DESCRIPTION OF THE TASK: Search the entries below for the line containing "陶芸家 舩木研兒 による絵皿"; from there to the end, return every line exactly and add nothing.

EXERCISE MATERIALS:
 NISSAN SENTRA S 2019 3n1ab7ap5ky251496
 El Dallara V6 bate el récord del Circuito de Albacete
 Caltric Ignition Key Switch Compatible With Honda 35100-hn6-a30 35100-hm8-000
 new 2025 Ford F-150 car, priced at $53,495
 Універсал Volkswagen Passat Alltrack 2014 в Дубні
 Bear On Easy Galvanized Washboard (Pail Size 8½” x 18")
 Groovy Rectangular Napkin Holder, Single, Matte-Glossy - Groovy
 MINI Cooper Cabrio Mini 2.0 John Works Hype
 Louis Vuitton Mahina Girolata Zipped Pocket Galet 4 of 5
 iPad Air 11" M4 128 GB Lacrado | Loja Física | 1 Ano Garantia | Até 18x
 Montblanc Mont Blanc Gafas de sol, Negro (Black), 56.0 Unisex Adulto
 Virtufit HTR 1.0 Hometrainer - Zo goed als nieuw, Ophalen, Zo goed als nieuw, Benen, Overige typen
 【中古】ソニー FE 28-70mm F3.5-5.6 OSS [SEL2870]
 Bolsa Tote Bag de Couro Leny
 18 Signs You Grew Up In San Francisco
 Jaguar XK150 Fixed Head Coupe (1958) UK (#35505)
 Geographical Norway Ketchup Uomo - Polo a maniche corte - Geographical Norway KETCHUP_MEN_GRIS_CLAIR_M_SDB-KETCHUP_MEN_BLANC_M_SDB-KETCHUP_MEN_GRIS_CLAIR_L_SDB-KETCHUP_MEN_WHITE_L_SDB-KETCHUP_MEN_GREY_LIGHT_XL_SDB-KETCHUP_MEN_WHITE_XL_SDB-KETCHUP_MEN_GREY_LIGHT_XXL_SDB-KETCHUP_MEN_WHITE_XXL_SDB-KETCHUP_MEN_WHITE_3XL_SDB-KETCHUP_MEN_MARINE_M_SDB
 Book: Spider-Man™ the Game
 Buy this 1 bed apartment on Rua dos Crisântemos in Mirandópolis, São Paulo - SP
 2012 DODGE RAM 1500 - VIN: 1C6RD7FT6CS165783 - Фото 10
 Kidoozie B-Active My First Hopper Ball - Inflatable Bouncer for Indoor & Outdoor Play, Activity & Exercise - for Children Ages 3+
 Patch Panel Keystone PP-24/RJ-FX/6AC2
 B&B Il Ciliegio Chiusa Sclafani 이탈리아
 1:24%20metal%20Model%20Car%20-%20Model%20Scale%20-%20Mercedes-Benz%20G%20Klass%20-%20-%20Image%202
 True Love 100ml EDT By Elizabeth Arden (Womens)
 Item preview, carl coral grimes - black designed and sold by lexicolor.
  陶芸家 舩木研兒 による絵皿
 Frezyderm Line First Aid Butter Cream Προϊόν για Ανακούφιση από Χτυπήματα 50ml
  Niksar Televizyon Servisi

TASK RESULT:
  陶芸家 舩木研兒 による絵皿
 Frezyderm Line First Aid Butter Cream Προϊόν για Ανακούφιση από Χτυπήματα 50ml
  Niksar Televizyon Servisi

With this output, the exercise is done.